Ayam Goreng Ulang Tahun

Seperti biasa, sepertinya kesibukan Ibukota telah mengutuk manusia menjadi budak teknologi, budaknya para konglomerat, budaknya waktu. Sampai-sampai untuk melilhat keadaan sekitar pun menjadikan kita tak sempat lagi.

Hingga suatu saat pernah saya sedang makan pecel ayam di pinggir jalan. Ya makan pecel lele, sambel, tempe, kol goreng, dan dua porsi nasi. Sepaket pesanan yang harus ada dan disempurnakan dengan teh tawar hangat. Kebiasaan ini biasanya saya selalu lakukan, paling tidak sekali seminggu.

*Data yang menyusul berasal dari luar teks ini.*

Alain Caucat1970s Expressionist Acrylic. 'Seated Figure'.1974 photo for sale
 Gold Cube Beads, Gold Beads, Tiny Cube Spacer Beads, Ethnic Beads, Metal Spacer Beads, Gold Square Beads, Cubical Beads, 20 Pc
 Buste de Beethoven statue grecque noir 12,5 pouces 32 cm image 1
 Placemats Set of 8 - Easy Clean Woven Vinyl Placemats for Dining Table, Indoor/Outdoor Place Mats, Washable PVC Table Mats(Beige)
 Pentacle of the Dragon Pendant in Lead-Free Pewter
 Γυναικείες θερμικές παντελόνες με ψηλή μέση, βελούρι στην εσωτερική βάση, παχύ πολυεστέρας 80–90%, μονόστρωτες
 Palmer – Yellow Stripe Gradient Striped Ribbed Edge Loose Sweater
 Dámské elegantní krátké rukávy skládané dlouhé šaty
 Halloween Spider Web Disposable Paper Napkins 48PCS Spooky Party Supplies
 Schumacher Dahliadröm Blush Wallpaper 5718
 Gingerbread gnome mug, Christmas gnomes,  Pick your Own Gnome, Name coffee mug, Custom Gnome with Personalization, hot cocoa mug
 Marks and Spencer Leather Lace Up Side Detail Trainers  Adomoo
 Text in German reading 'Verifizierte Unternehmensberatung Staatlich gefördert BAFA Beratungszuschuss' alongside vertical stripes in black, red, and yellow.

Suatu saat tersebut saya melahap seperti biasa hidangan yang panas itu, nikmat sekali. Tak lama datang seorang lelaki agak sedikit tua, mungkin umur 40an, menggunakan kaos warna biru gelap, celana panjang dengan lubang-lubang semut, dan topi yang tak lagi putih. Namun wajahnya tak sesuram pakaiannya, dengan semangat dia memesan ayam goreng dan nasi putih yang hangat, jumlahnya 2 piring.

Pas suapan terakhir saya telan, pesanan dia matang. Rasanya tak sabar karena saya penasaran, Pak tua itu haya berdiri sampai masakannya matang, selain itu dia pesan dua, untuk siapa?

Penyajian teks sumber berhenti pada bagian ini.